Many of these images are published here for the first time. The photographs evoke the passage of time by dividing the images into three parts: the 1980s, the 1990s, and the new millennium (2000 and beyond). The photographer shares with the viewer:
“I would shoot ruins of buildings, the demolition of famous waterfront saloons, ancient alleyways, and, in some cases, nineteenth-century buildings destroyed by mysterious fires. There were images of floods and other calamities/catastrophes in Lower Manhattan, culminating with 9/11.
These photos captured what had been, what no longer exists. They served as my visual timeline. What did the passage of the many decades reveal to me?

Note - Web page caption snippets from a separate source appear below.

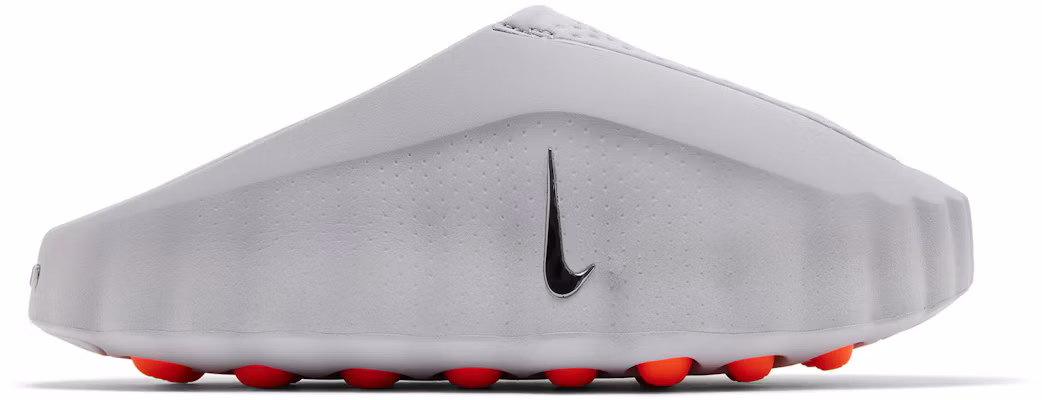 (W) Nike Mind 001 Mule ''Light Smoke Grey'' Lichtgrijze Schoenen HQ4309-003 Buy (W) Nike Mind 001 Mule ''Light Smoke Grey'' Lichtgrijze Schoenen HQ4309-003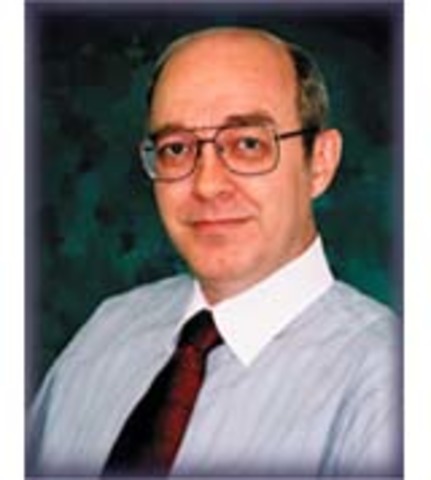 James Brian Quinn, 1997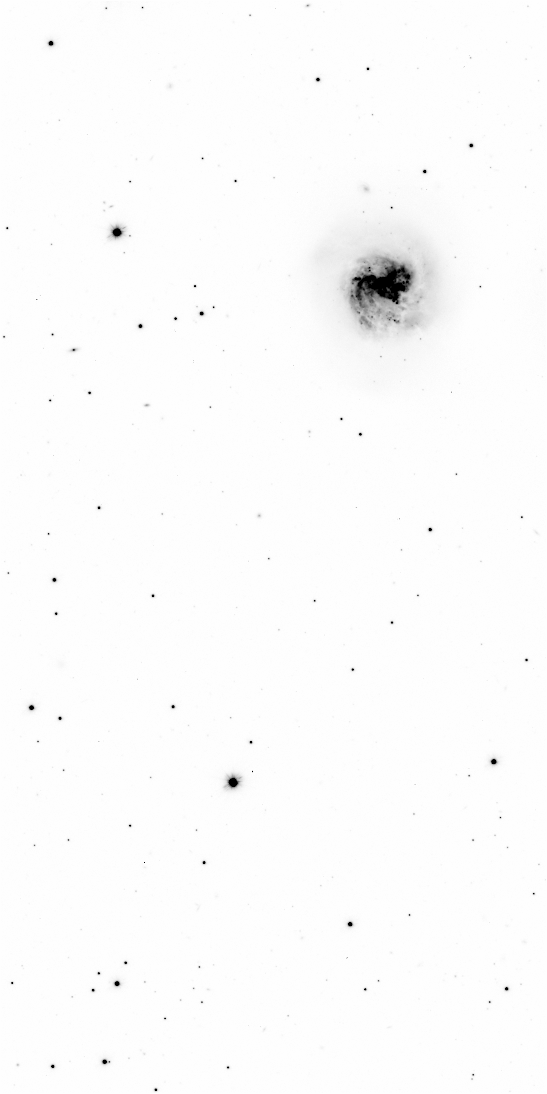 Preview of Sci-JMCFARLAND-OMEGACAM-------OCAM_g_SDSS-ESO_CCD_#85-Regr---Sci-56563.2723281-bc62057f7d98e4e696832acaf6c790edfa0e5704.fits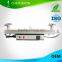 uv sterilizer for pool wastewter treatment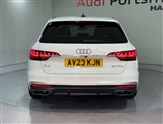 Audi A4 Image 5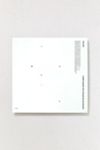 The 1975 - A Brief Inquiry Into Online Relationships 2XLP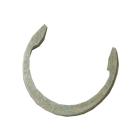Whirlpool 6LSP8255BW2 Wire Retainer Ring 1 1/8\" - Genuine OEM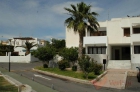 Apartamento en Vera - mejor precio | unprecio.es
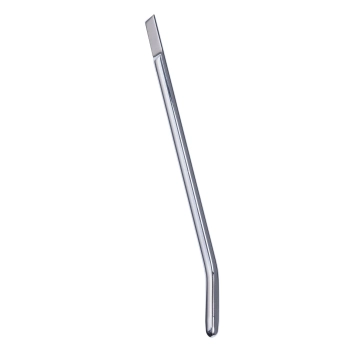 XX-DREAMSTOYS Urethral Dilator Size 9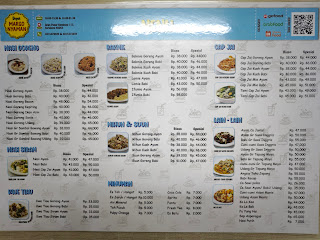 Depot Margo Nyaman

What dynamics were in my images of the same streets I repeatedly walked for years?”
The author’s images from the Fulton Fish Market in the 1980s document the generations of immigrants and their children pursuing a gritty American Dream next to the Brooklyn Bridge.

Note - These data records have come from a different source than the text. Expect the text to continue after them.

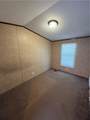 11875 Hood Road - Photo 22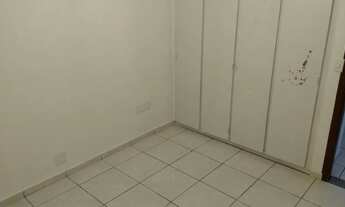 Imagem 7: Apartamento em Santana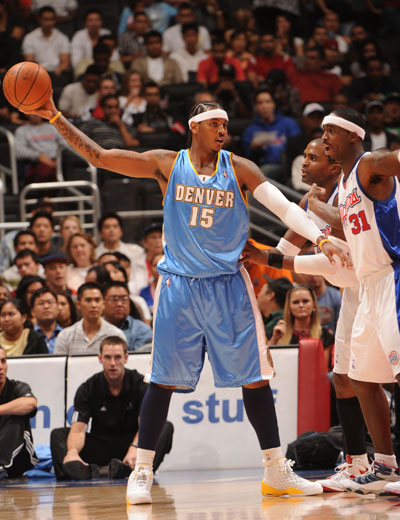 能忽略其多 能忽略其多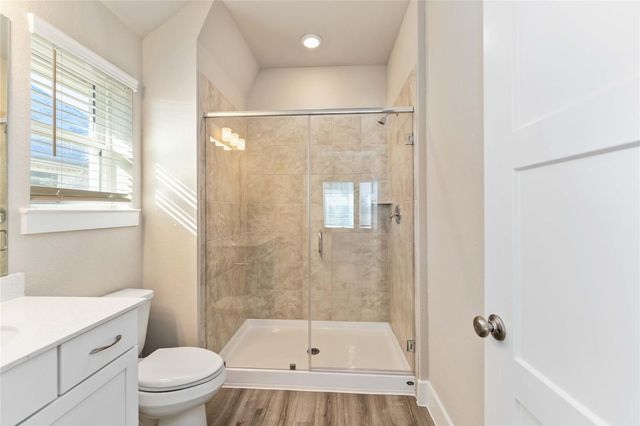 239 Bay Laurel Court, Alvin, TX 77511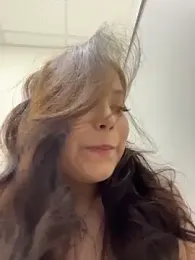 Chloe__Moon — Stripchat recorded stream image, 10.05.2026 14:10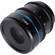 Sirui Night Walker 35mm T1.2 Cine Lens f...: Picture 3 thumbnail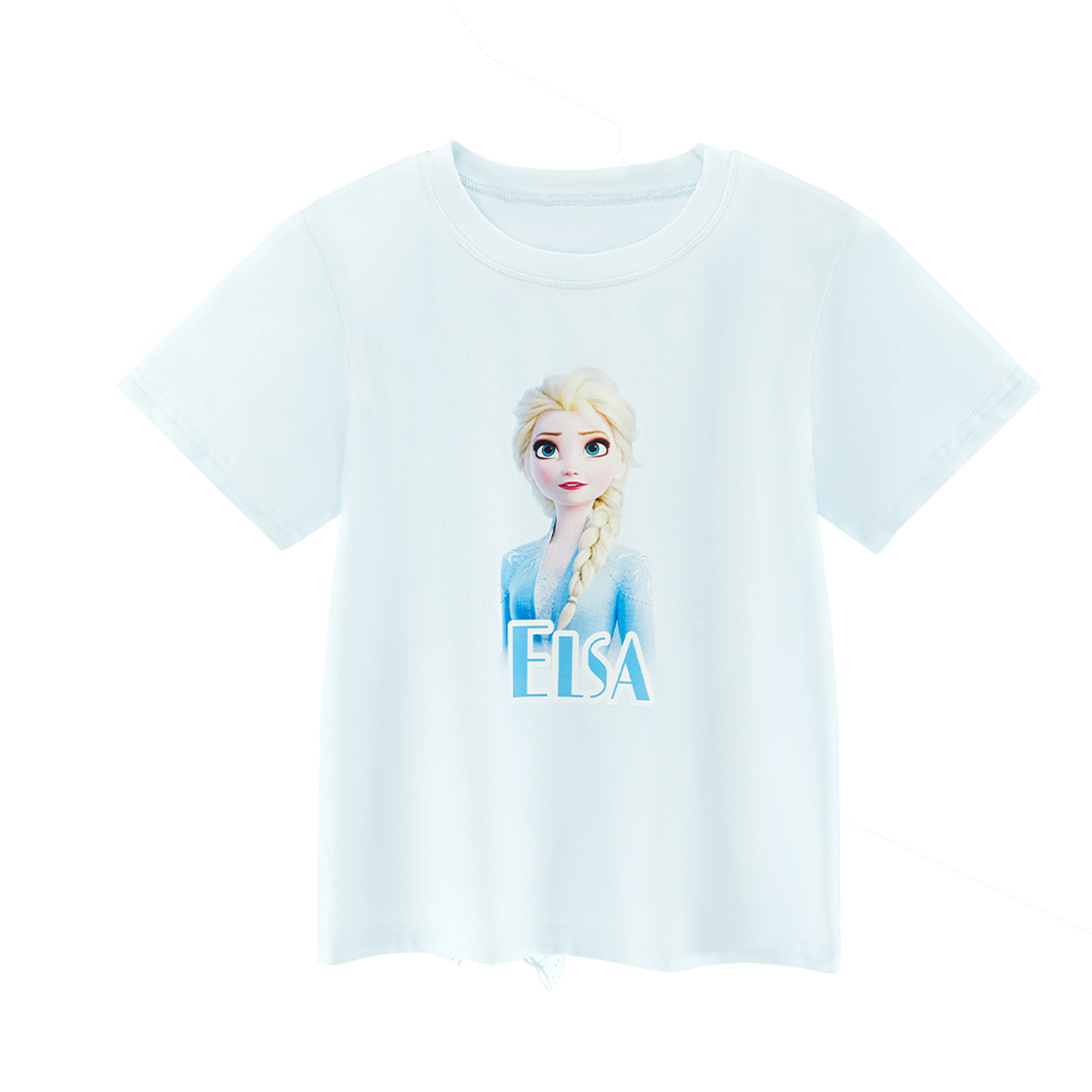 Disney Футболка синяя для детей 3-7 лет, Синий, Disney Футболка синяя для детей 3-7 лет
Disney Футболка синяя для детей 3-7 лет, Синий, Disney Футболка синяя для детей 3-7 лет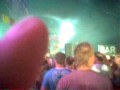 Mysteryland-2005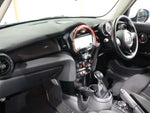BMW MINI COOPER S 5DOOR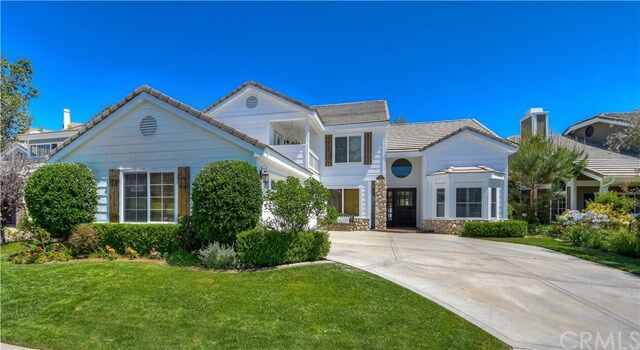 Property Photo: 16 Mahogany CA 92679
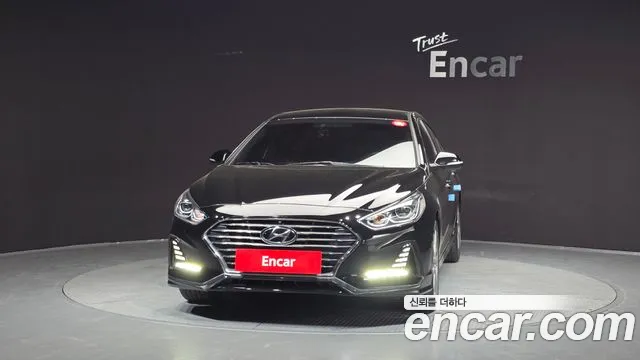 2019 Hyundai Sonata New Rise 2.0 Modern Sold VIN KMHE341CBKA508546 – trunk area 2019 Hyundai Sonata New Rise 2.0 Modern Sold VIN KMHE341CBKA508546 – trunk area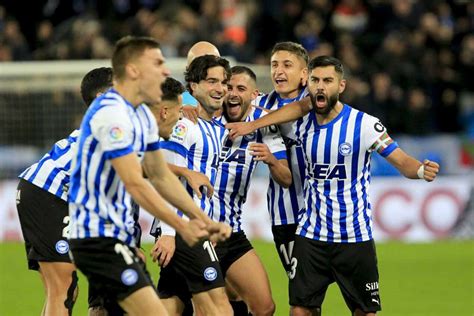 almeria fc palpite  Jogo Getafe x Almería (La Liga) está jogando em 26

Photos from the 1990s present images of floods and fires that paralyzed the area, juxtaposed with continued bulldozing to clear the way for luxury housing. Politics reshaped Manhattan’s skyline by encouraging new commercial shopping, food, and restaurant destinations. This restructuring marked the beginning of the end of downtown’s blue-collar origins and white-collar replacements, challenging us to ask, “What was lost?”
The seminal event of the 2000s, September 11, 2001, reinforced downtown’s rebirth as the global economic engine with no room for the past. Also included in this section is an interview with an insider privy to the Mafia leadership of the Fulton Fish Market during Mayor Rudolph Giuliani’s opportunistic crusade against them in the 1980s.

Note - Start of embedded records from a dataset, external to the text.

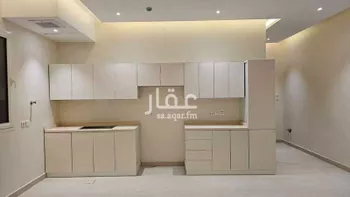 شقة للإيجار في شارع أبي البركات الأنصاري, حي الضباط, مدينة الرياض, منطقة الرياض صورة 4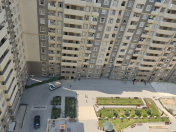 Satılır 2 otaqlı 43 m2 yeni tikili Y.Günəşli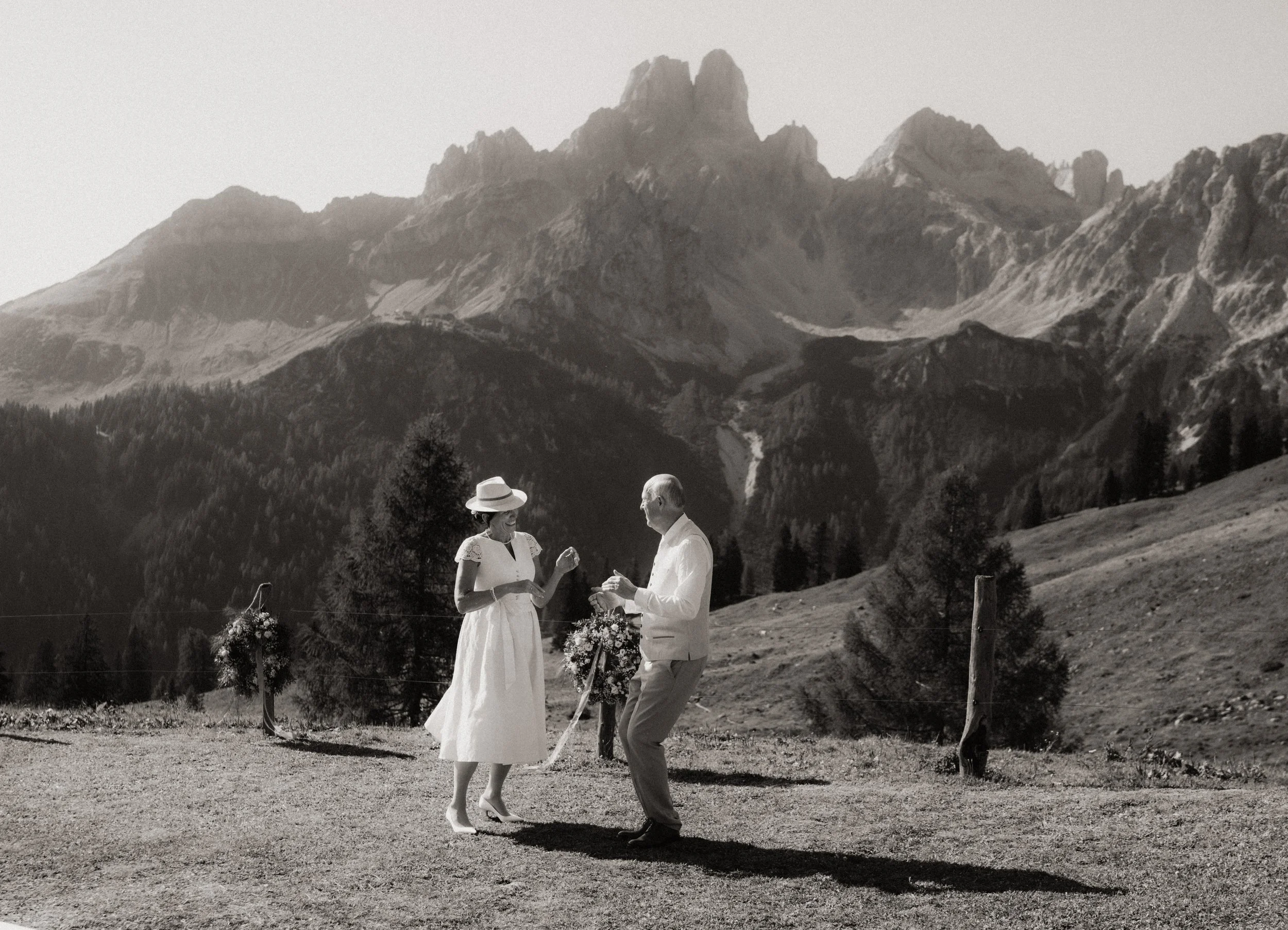 die_alm_filzmoos-5846.jpg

Dan Barry, Pulitzer Prize–winning journalist, offers a poetic and insightful tribute to the artist and photographer.
“Definitions: ‘falling off’ suggests a decline in quality or quantity, ‘falling off’ suggests the passage of time or changes over time, ‘falling off’ suggests a detachment, an alternative path to a questionable destination, ‘falling off’ suggests a separation, ‘falling off’ suggests something that comes to pass.”
There is Barbara Mensch, whose images are like the conjuring rain. She is the Brooklyn Bridge of the New York imagination, linking the now and the then. She sees the incremental turns in the city’s inexorable evolution.---Dan Barry, The New York Times
Barbara Mensch's A Falling-Off Place features a variety of extraordinary photographs, ranging from images of demolition, to men at work, to abstract interiors, and to individual portraits. Like Jacob Riis in the 1890s, her work documents the material reality of New York in an unprecedented way. And it offers a vision of the relentless physical transformation of the city and its impact on working people and their labor.---Daniel Czitrom, author of New York Exposed
Photographer Mensch documents the upheaval of downtown New York City’s working-class and immigrant communities from the 1980s to the 2000s with images of disasters and bulldozing.---Publishers Weekly, Fall Announcements
In this striking collection, photographer Mensch traces three decades of change on Lower Manhattan’s eastern waterfront, paying particular attention to the Fulton Street Fish Market.
---Publishers Weekly
The beautiful images, often rich in chiaroscuro rendered by streetlights illuminating rainy nights or misty mornings, are complemented by quotes from residents and workers who provide insight into life in Lower Manhattan prior to gentrification.
Visually evocative and spare on text . . . It’s ideal for anyone nostalgic for old New York.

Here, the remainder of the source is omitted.